Warnings rise as rising rates put pressure on LDI

Rising interest rates are placing unprecedented liquidity constraints on some of the UK’s largest corporate pension funds, the main users of LDI strategies. According to a recent research note from consulting firm Mercer, an increasing number of plans need to sell liquid assets like stocks and high-quality corporate bonds to raise funds in order to maintain the level of leverage needed to ensure that they can cover their liabilities.

“To keep leverage at acceptable levels, pooled LDI funds issue regular collateral calls,” says Daniel Melley, head of UK investments at Mercer. Leverage, or borrowing to gain greater exposure to inflation rates and movements, is used in LDI mandates for risk management purposes in relation to liabilities. It is also used to allow systems to purchase growth assets that otherwise would not be possible. But as interest rates rise, this results in losses on the gilt or swap assets held in these portfolios, which in turn leads to increased leverage ratios.


Responding to margin calls requires quick action, warns Melley. “In the short term, pension funds will need to respond to collateral calls from their LDI managers to protect coverage levels. The key point here is that eligible assets (usually cash/gilts) will need to be made available quickly, within days. This could be difficult, especially when the sale of growth assets has currency implications. »

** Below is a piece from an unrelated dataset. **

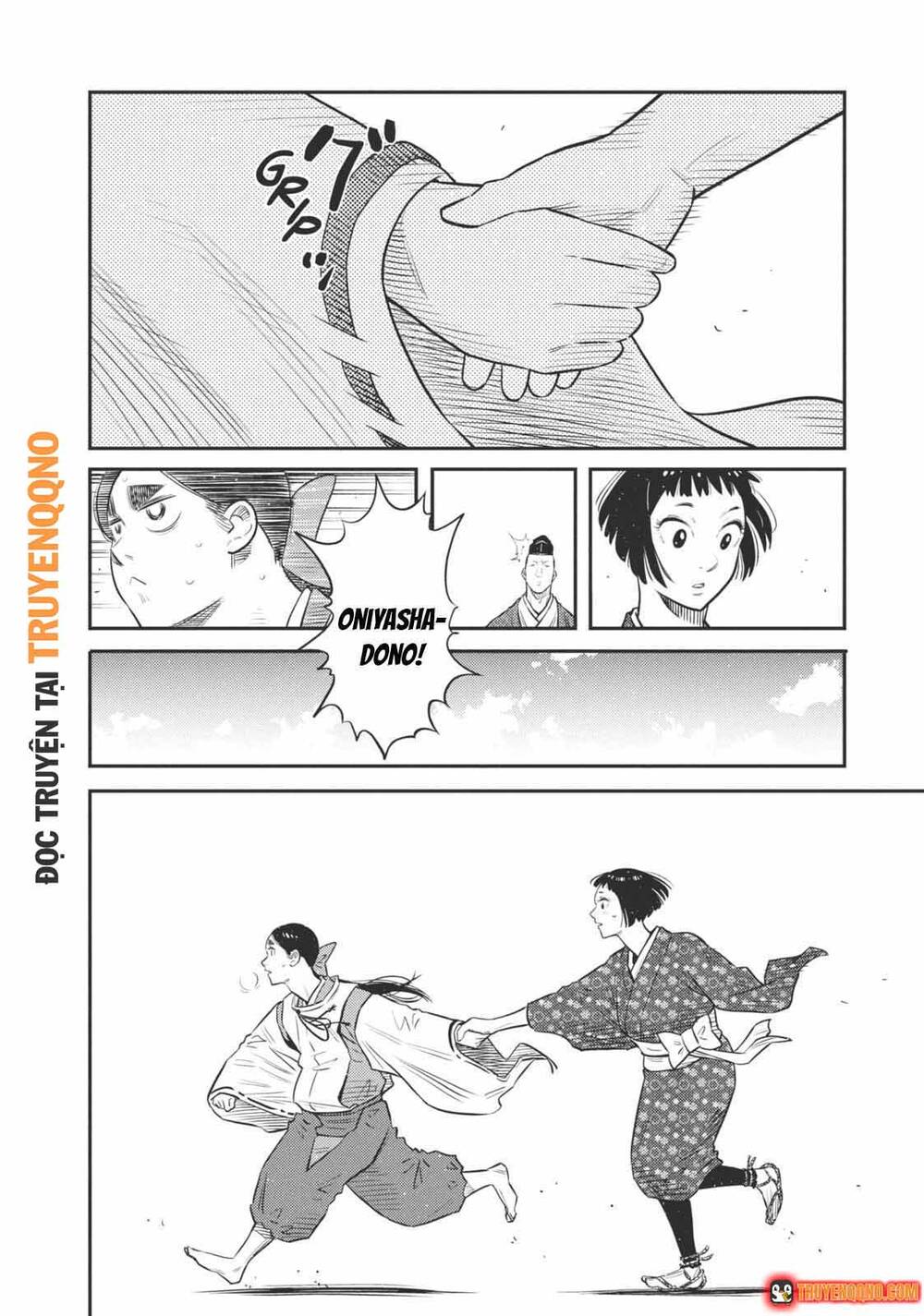 Khi Thế Giới Cùng Nhảy Múa Chap 50 - Next Chap 51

Given that inflationary pressures in the economy are not expected to subside in the near term, it is likely that central banks will continue to raise interest rates. “If the pace exceeds market expectations, it will cause further stress on LDI portfolios,” predicts Melley. “A significant proportion (of pension funds) will need to move quickly to ensure they have dry powder to meet further collateral calls, should interest rates rise further.”

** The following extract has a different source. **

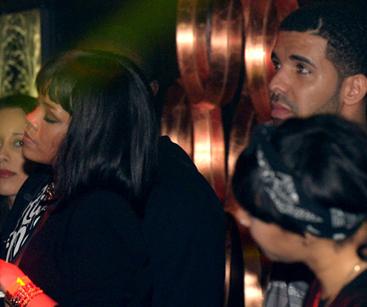Rihanna & Drake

Additionally, James Brundrett, senior investment consultant and partner at Mercer, warns that since interest rate hikes this year have now exceeded the typical cushion put in place in LDI portfolios – a 1.5% increase in long-term returns from gilts – many pension fund collateral buffers have run out. “The pension fund guarantee is running out and we are seeing clients looking to replenish.”

The problem could not only turn pension funds into forced sellers. Some may not be able to hedge as much as they have and may have to accept lower levels of hedging if they run out of liquid assets that could be used to supplement their LDI strategies’ collateral. Indicate increased levels of risk and potentially wider implications from the perspective of commitment, funding, investment strategy and journey plan.


Positively, Brundrett points out that pension fund liabilities are also declining. Rising interest rates will also lower the value of liabilities, potentially reducing the size of deficits and increasing the impact of contributions. “As interest rates go up, hedges lose money, but liabilities also go down,” he says.

However, critics counter that the value of liabilities should always be considered in relation to the value of assets, noting that the value of assets can fall more than the value of liabilities if funds have had to sell assets to meet margin calls. .

“It’s the difference between the value of assets and liabilities that matters, and the value of assets will fall because of forced sales,” says Professor David Blake, Director of the Pensions Institute, Bayes Business School, City, University of London, which backs pension funds, should not borrow in times of economic uncertainty. “Having to sell assets in a falling market is pure speculation. It’s especially difficult if they all have to do it at the same time and the liquidity disappears.

Brundrett and Melley emphasize that LDI’s global portfolios have passed the test of managing funding level volatility over the past decade and remain a key component of pension fund risk management.

But significant risks await us. “Governance models will be challenged to see if the funds were able to react as quickly as hoped. Boards will need to know where to go if they need more assurances; if not corporate bonds, where do they go? If pension funds are forced to turn to illiquid assets, this opens up a series of new valuation and pricing challenges “Illiquid assets are not marked to market. In allocations like private equity, pricing is obsolete,” Brundrett concludes.